I think clay pebbles are at best of no real value in the bottom, and from reading on the hydraulic interface of two different mediums, water tends to resist crossing such a barrier. My current grow uses no pebbles. i'm also running both coco and soil 3 pots of each, and 2 have AIT units ( similar to airdomes ). I've only turned on the res about 3 days ago, so no real data yet.
So in your view, Autopots need and should not have their medium go through wet-dry cycles, rather the constant small incremental feedings overall keep the coco at a fairly constant moisture (with aerated water), with this the goal. Seems very plausible and likely a major or even the main benefit with Autopots. This and the remarks so far appear to presume that the coco vs. the bottom/Hydroton portion of the pot is where the root growth and activity takes place. But I haven't seen that this has been fully resolved. There has not been much related testing with Autopots reported yet.

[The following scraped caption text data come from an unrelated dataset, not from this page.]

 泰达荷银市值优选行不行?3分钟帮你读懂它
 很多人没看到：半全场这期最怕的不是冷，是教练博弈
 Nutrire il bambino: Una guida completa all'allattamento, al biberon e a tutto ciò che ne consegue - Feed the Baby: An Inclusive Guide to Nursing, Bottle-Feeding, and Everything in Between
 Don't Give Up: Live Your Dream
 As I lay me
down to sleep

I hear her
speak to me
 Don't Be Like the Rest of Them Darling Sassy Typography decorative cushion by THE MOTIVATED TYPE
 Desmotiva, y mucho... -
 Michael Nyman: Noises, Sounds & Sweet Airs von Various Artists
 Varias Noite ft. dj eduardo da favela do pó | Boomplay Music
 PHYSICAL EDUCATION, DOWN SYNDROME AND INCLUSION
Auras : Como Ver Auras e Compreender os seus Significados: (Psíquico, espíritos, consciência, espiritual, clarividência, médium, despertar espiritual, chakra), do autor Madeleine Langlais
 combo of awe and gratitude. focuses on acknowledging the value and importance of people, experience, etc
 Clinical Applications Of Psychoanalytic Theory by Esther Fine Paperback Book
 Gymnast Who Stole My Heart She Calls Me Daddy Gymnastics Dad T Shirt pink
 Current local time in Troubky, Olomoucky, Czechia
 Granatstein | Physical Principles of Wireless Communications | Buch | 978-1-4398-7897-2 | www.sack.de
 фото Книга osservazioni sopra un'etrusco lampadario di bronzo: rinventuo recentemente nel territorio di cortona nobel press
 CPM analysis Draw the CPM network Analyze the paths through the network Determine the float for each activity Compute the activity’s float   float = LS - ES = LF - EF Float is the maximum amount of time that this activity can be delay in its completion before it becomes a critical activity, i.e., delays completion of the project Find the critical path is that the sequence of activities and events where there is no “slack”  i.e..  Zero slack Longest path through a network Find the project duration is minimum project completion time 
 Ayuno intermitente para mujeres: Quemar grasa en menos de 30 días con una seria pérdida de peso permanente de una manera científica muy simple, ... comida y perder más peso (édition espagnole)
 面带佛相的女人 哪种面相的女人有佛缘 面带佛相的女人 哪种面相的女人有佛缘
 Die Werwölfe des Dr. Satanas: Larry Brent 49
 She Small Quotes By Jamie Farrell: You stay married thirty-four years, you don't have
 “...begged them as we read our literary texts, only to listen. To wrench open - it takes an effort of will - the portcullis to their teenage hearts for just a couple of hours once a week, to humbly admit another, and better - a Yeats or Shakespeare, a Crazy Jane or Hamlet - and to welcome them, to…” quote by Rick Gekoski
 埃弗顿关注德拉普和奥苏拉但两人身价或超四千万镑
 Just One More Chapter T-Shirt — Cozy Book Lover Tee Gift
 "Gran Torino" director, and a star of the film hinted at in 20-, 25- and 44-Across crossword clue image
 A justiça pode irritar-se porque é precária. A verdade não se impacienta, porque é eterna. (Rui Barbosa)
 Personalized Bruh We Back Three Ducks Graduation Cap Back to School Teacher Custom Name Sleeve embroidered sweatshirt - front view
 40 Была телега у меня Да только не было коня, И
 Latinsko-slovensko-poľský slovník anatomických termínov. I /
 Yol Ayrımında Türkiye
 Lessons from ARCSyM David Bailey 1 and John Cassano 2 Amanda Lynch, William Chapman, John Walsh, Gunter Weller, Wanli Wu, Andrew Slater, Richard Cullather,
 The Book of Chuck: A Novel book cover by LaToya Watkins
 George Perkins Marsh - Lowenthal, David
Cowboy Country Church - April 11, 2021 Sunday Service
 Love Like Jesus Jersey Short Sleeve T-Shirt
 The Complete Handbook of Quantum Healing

A few questions for all Autopot users:
1) In my doing post-harvest root examination so far on a single Autopot pot (too small a sample?), nearly all of the roots were in the bottom/Hydroton portion, not in the coco. This suggests that the Hydroton layer is what we should be most concerned with, not the upper coco layer. How does this fit in (or not) with the presumption that fairly constant optimal coco dampness is what is desired, and the perhaps related presumption that the roots grow mostly in the coco?
2) Can anyone contribute any observational information on these matters? For example, has anyone else yet done a post-harvest examination of Autopot roots? Were the roots in the bottom/Hydroton and/or in the coco?
3) Would Autopots work even better if some real wet-dry feeding cycling were added? Autopots, on their own, look to do rather well at constant incremental feeding to maintain consistent media moisture/wetness. Would adding some wet-dry cycling improve the grow? For example, why not say once or twice per week close off all your valves (for a day, 2, whatever it actually takes) and let the coco do some real drying out; then turn the system back on again for say another 2 or 3 days (then off again)?